I am pretty sure it is a xhtml parsing issue. No, there is surely no external link to that disallowed file.

----------
I e-mailed googlebot at google dot com and am waiting for response, there is also a 301 issue currently making me extremly nervous, Googlebot getting proper and wanted 301 on some dozen files but not following them - Slurp does.

dmorison

3:12 pm on Jan 17, 2004 (gmt 0)

Yep - looks like a Googlebug.

nileshkurhade

3:47 pm on Jan 17, 2004 (gmt 0)

make sure it was G'bot IP

bull

5:58 pm on Jan 17, 2004 (gmt 0)

yes 64.68.82.44.

GoogleGuy

6:35 pm on Jan 17, 2004 (gmt 0)

I wouldn't worry about the 301's yet; we see the redirect, but it goes back on the queue to be checked out instead of following it that second, I think. Can you post your site in your profile for the robots.txt issue? I'm curious and want to check if we're doing anything wrong. Thanks for mentioning this..

bull

6:45 pm on Jan 17, 2004 (gmt 0)

Done - thanks in advance! Normal browser UA recommended.
The 301 affected subdirectory is the italian one.

GoogleGuy

8:03 am on Jan 18, 2004 (gmt 0)

Hmm. I'm a little rusty on robots.txt, but looks like yours disallows a specific page in a directory. Sounds like we're trying to fetch a different (faulty) page. So technically it wouldn't be a robots.txt problem, but if we're trying to fetch
/dir1/dir2/something.gif/somethingelse.html
then that would be a bot issue. Does that make sense so far? I'm happy to ask someone to check it out, but it doesn't sound like a robots.txt issue so much as a bad link, or us following a good link badly.

bull

8:08 am on Jan 18, 2004 (gmt 0)

Googleguy, you are right with your assumptions.
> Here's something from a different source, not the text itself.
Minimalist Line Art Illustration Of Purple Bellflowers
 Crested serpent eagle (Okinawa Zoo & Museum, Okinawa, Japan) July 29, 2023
following a good link badly

is the only thing I currently can imagine, where the good link is disallowed. Not something really severe, but I think it is due to the xhtml code. Is there any problem with "cleaned up" (here: auto-generated) html, i.e. w/o any unnecessary line feeds, tabs, spaces?

dmorison

10:47 am on Jan 18, 2004 (gmt 0)

Is there any problem with "cleaned up" (here: auto-generated) html, i.e. w/o any unnecessary line feeds, tabs, spaces?

This is something I have worried about in the past; as my pages generally (unless there is inserted advertiser code) don't have any whitespace or new lines at all.

I am confident that Googlebot doesn't have a problem with non-stop markup; as I have had some very large pages indexed in Google with no problem.

However, it is easy to imagine an amateur spider that fetches a page into a local file; and then processes that file line-by-line having trouble with a 100% auto-generated page.

It would be comforting to hear GG state that Googlebot is a professional when it comes to non-stop "pure" markup...

bull

1:46 pm on Jan 19, 2004 (gmt 0)

I wouldn't worry about the 301's yet; we see the redirect, but it goes back on the queue to be checked out instead of following it that second, I think.

She was here today picking all over new redirected files with 200, so the 301 are really stacked, queued - awesome...

GoogleGuy

7:16 am on Jan 20, 2004 (gmt 0)

Glad to hear that, bull. In general, we should be able to follow any valid link. I'm puzzled how we could have followed the link on that page though.